The docking results demonstrated that benzylaminochalcones A3, A4, A6 and A9 span along almost the whole length of the catalytic gorge of AChE, in which the benzylamino side-chain points towards the bottom. Moreover, two of the three rings A, B or C manage to generate stacking interactions (π-π type) with the aromatic amino acids making up the gorge surface. More interestingly, there is a hydrogen bond between the OH group of the benzylamino chain of A9 with Ser203, a position near Ser200 of the catalytic triad (Figure 2 and Figure 3).

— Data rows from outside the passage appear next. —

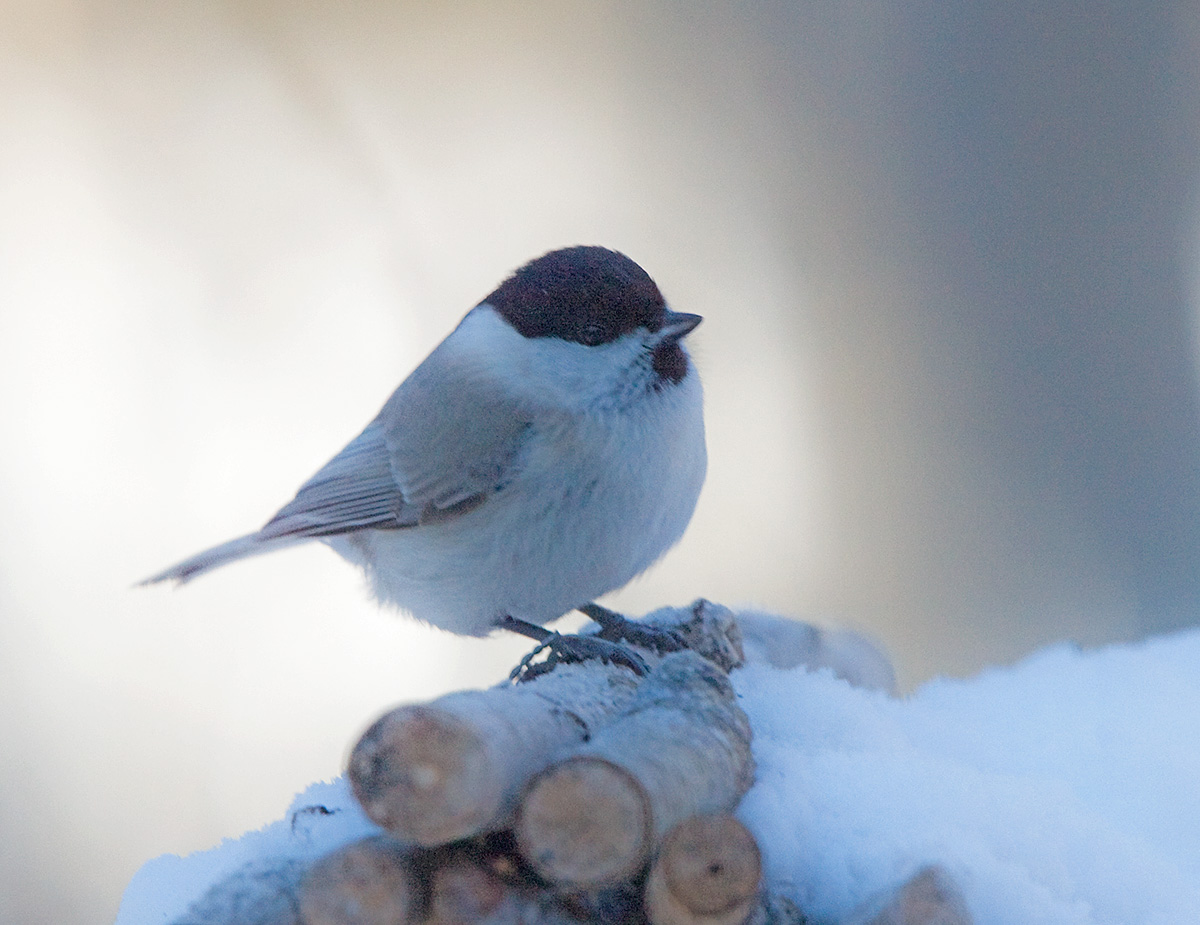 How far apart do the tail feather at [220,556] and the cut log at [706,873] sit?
87 centimetres

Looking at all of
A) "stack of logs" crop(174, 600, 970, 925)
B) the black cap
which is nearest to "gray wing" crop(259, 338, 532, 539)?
the black cap

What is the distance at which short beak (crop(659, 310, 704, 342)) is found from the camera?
98 cm

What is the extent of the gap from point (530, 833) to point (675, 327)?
2.00 ft

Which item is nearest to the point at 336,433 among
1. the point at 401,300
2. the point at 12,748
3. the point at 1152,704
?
the point at 401,300

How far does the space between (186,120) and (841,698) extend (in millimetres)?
1910

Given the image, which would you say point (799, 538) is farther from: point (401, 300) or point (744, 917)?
point (744, 917)

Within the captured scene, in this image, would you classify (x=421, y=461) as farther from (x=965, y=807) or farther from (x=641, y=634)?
(x=965, y=807)

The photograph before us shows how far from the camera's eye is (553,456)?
95cm

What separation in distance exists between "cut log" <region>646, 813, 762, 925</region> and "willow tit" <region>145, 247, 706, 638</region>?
48 centimetres

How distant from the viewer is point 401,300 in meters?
2.08

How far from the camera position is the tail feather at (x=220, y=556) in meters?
1.22

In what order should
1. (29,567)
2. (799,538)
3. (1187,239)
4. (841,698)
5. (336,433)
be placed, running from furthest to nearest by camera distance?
(799,538), (1187,239), (336,433), (29,567), (841,698)

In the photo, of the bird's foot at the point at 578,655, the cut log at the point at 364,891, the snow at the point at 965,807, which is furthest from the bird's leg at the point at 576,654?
the cut log at the point at 364,891

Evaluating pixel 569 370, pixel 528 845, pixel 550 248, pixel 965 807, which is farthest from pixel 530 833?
pixel 550 248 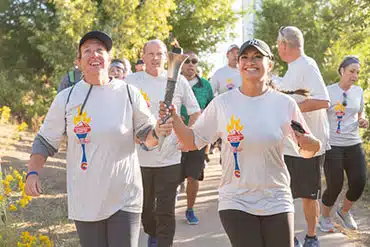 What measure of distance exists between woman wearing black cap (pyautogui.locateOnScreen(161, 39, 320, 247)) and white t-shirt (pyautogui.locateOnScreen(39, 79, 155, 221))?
1.30 feet

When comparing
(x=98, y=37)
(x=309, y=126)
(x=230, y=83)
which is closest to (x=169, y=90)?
(x=98, y=37)

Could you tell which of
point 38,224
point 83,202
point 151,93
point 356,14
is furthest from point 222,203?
point 356,14

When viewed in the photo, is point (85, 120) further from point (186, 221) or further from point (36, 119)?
point (36, 119)

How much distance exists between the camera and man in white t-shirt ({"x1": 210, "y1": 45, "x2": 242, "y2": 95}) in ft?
31.6

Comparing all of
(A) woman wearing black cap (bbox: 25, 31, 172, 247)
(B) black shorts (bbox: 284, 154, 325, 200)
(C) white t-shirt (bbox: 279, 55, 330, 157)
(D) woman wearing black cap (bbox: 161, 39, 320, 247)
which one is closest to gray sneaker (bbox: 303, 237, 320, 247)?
(B) black shorts (bbox: 284, 154, 325, 200)

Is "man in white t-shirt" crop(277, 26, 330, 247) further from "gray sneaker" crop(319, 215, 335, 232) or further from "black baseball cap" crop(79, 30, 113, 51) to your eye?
"black baseball cap" crop(79, 30, 113, 51)

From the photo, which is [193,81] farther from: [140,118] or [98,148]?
[98,148]

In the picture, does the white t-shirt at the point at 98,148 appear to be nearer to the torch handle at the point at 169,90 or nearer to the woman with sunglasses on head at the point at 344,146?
the torch handle at the point at 169,90

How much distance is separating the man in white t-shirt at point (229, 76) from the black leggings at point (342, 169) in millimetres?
2547

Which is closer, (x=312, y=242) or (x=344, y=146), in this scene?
(x=312, y=242)

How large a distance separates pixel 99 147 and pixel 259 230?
1.19 meters

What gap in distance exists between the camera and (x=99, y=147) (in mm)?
4062

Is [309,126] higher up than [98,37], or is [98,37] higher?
[98,37]

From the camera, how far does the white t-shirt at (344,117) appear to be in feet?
24.6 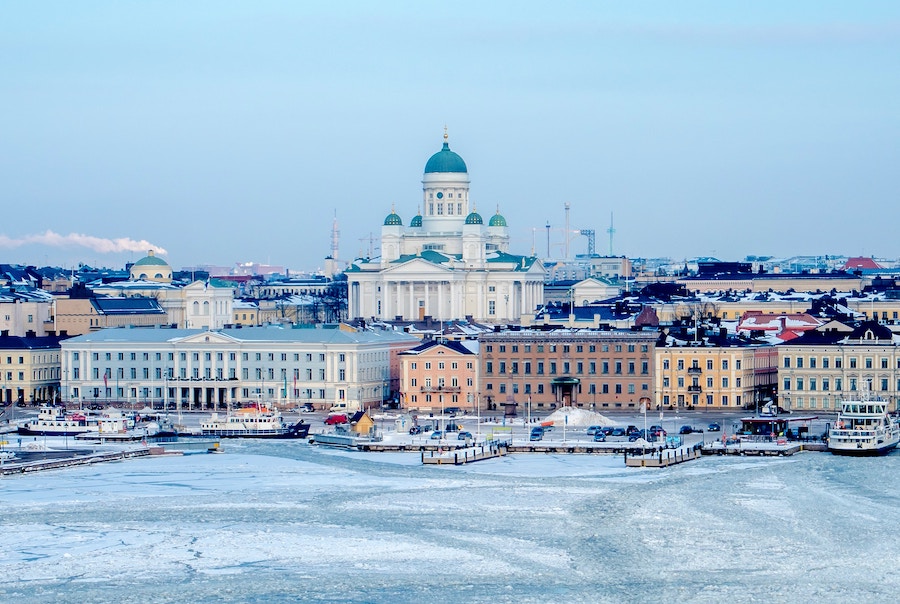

It is found that AChE could bind to β-amyloid and accelerate its aggregation into amyloid fibrils. The presence of this enzyme also enhanced the toxicity of β-amyloid. The studied structures exhibited interactions of ring B with Trp286 of the peripheral binding site. This could lead to developing benzylaminochalcone analogues with dual effect, which would simulaneously increase acetylcholines and anti-β-amyloid aggregation.

4. Conclusions

A series of 10 novel benzylaminochalcones were synthesized, characterized and evaluated for AchE-inhibitory activity. All synthesized hydroxybenzylaminochalcones have not been published in any scientific journals. The derivatives with ring B of 4-pyridinyl, 4-nitrophenyl, 4-chlorophenyl and 3,4-dimethoxyphenyl demonstrated weak to moderate activities against AChE. Molecular modeling studies confirmed the dual binding effects on active and peripheral anionic binding sites. These derivatives could be further developed to provide novel leads for the discovery of new anti-Alzheimer’s drugs in the future. Cell assays will be performed and the results will be published in the future.